Thursday, March 30, 2023

Deadly boat trip sheds light on Haitians fleeing violence

SAN JUAN, Puerto Rico ( Associated Press) – Haitians are increasingly fleeing to neighboring Dominican Republic, where they try to reach Puerto Rico on wooden boats painted sky blue to blend with the sea They take aboard – a journey in which 11 Haitian women drowned this week, along with dozens of other migrants missing.

It was the latest fatality travel as US officials said they have doubled the number of migrants in and around US jurisdictions in the Caribbean over the past year compared to a year earlier.

“We’ve seen our Haitian numbers explode,” Scott Garrett, acting chief patrol agent for US Customs and Border Protection in Puerto Rico, told the Associated Press.

Garrett and others say that Haiti’s political instability, coupled with brutal mass violence and a crumbling economy, has driven people to do the same through the Dominican Republic. The two countries share the island of Hispaniola, which lies to the west of Puerto Rico, which has a treacherous area known as the Mona Passage that separates the two.

In the most recent capsizing, seen on Thursday, 11 bodies of Haitian women were found and 38 people were rescued – 36 of them Haitians and two from the Dominican Republic. Officials say one of the rescued people was charged with human trafficking. The boat capsized about 11 miles (18 kilometers) north of Desecheo, an uninhabited island west of Puerto Rico. Dozens are said to be missing.

Garrett said it was unclear how many migrants were on the boat, but said the survivors provided officials with their own estimates. “The number we’re hearing is somewhere between 60 and 75,” he said.

The search continued on Friday, with the US Coast Guard scouring the open waters northwest of Puerto Rico by boat, aircraft and helicopter.

US Coast Guard spokesman Ricardo Castrodad said rescue operations began on Thursday after a US Customs and Border Protection helicopter saw people clinging to the capsized boat, adding that the crew worked overnight.

“We are always looking for the possibility of finding survivors,” he said.

Officials released images showing migrants on a boat in open water as they await rescue.

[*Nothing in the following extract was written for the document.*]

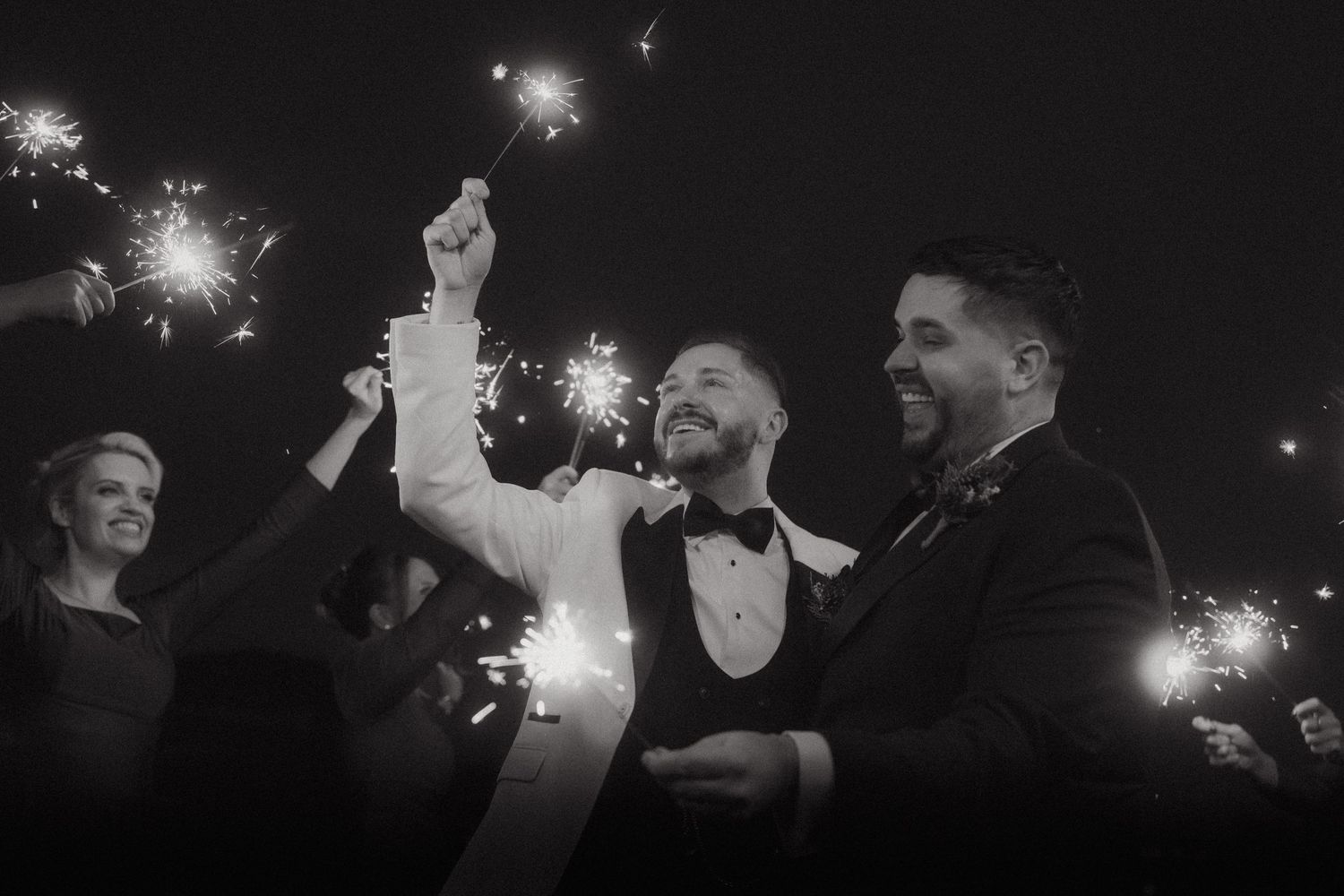 A celebratory moment captured in black and white with sparklers glowing against the night sky at an elegant event.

Once ashore, migrants were driven down a pier, with at least one wearing nothing but underwear. Some were taken in ambulances, and eight Haitians remained hospitalized on Friday.

Voyages on flimsy boats known as yolas, which Garrett said often only took small motors to evade detection, had long been a way of fleeing their country despite ongoing warnings about the danger to migrants. The cheapest way has been. Smaller motors mean longer travel, which in turn makes it more dangerous.

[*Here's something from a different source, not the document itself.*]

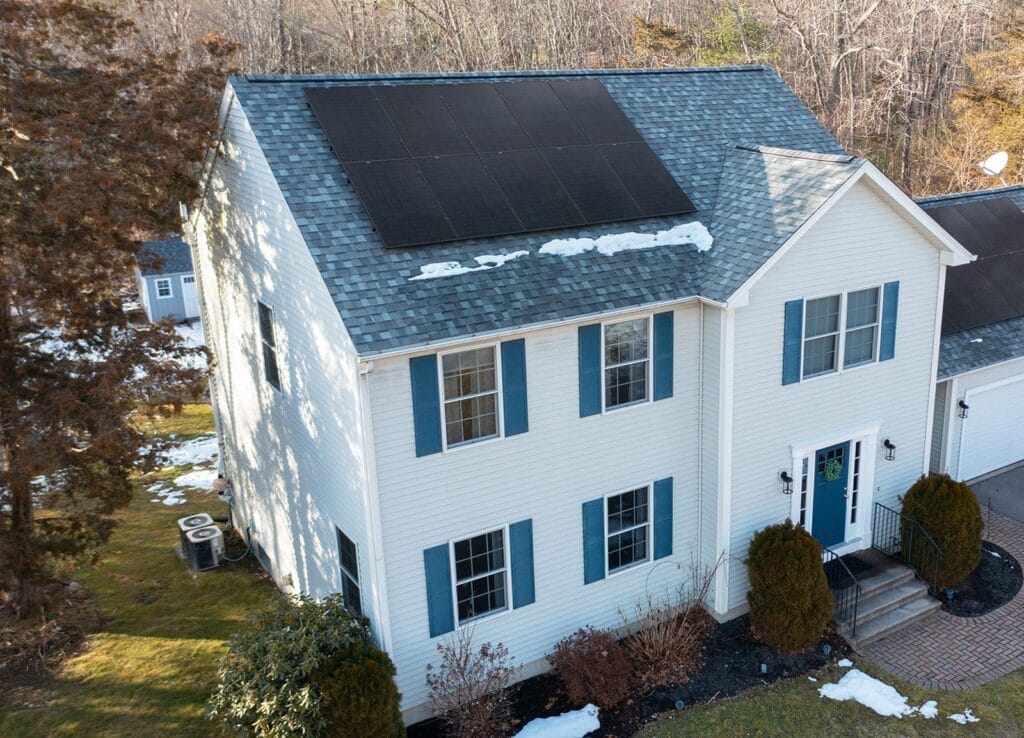 Solar panels installed by Rooftop Power on a cream colonial home with blue shutters and an attached garage.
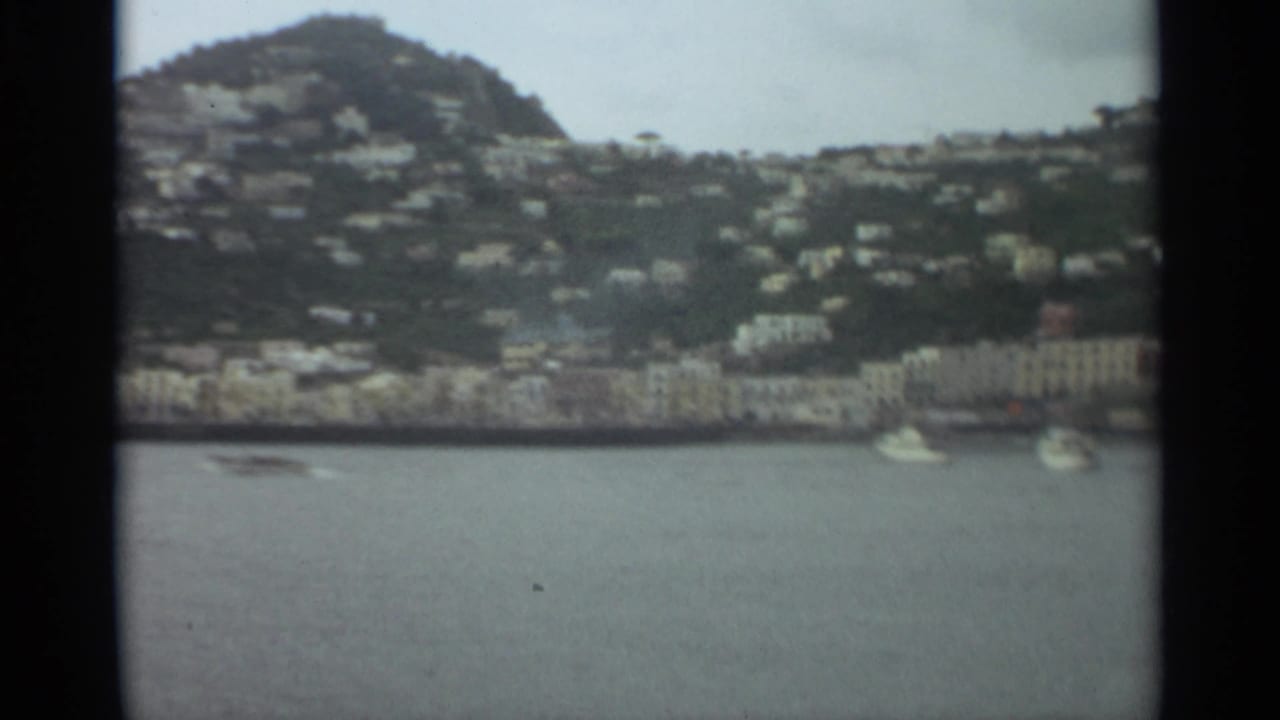 1965 Stockholm waterfront scene with white boats on calm water and hillside houses rising behind shorefront buildings.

He said 30 to 40 migrants are usually on boats, but those aboard said that the number was almost twice that number.

On Saturday, 68 migrants were rescued in the Mona Passage, and a Haiti-based woman died. On May 7, Customs and Border Protection detained 60 Haitian migrants, the agency said were smuggled through southwest Puerto Rico. On May 4, another 59 Haitian migrants were detained in northwestern Puerto Rico. In late March, officials said they had detained more than 120 migrants in three separate incidents of maritime smuggling.

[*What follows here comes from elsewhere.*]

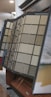 An assortment of carpet samples displayed on a standing rack, featuring various textures and colors including beige, blue, and gray. The setup is indoors, likely in a showroom or retail store, with a focus on home decor options.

According to US Customs and Border Protection, from October 2021 to March, 571 Haitians and 252 people from the Dominican Republic were detained in the waters around Puerto Rico and the US Virgin Islands. Of the Haitians, 348 landed on Puerto Rico’s uninhabited Mona Island and were rescued.

Tom Homan, who was acting director of US Immigration and Customs Enforcement during much of the Trump administration, said the latest incident has seen migrants get lost, taking them away from the US mainland, or maybe Trying to reach Puerto Rico. , a US territory where they may seek asylum. Both scenarios are common.

It is unusual to have so many women on board, he said, referring to the 11 people killed.

“These migrants are putting their lives in the hands of people who don’t see them as people,” Garrett said. “They see migrants as commodities to be traded and to earn money.”

Pierre Esperance, executive director of the Haitian National Human Rights Defense Network, said he expected the trips to continue despite the continuing warnings about the danger.

“For Haiti people living in Haiti is more risky than trying to leave Haiti to lead a better life,” he said.

A UN report says that there has been an 180% increase in kidnappings of more than 11 million people and a 17% increase in murders in the past year. Dozens of people, including women and children, have been killed in recent weeks amid new conflicts between gangs fighting over the area as their power rises after the July 7 assassination of President Jovanel Mosse. The United Nations said last week that civilians were being burned alive and children as young as 10 were being gang-raped.

Haiti has also been hit by double-digit inflation, severe gas shortages and gang violence that has closed hundreds of schools and businesses and prompted the temporary closure of some hospitals and clinics. In addition, the Biden administration has deported more than 20,000 Haitians in recent months amid heavy criticism over the country’s decline.

“Even if it is dangerous to get in a boat, it is more dangerous for people to live in Haiti,” Esperance said. “There is no rule of law in Haiti.”


Associated Press reporter Elliot Spagett in San Diego, Calif., contributed.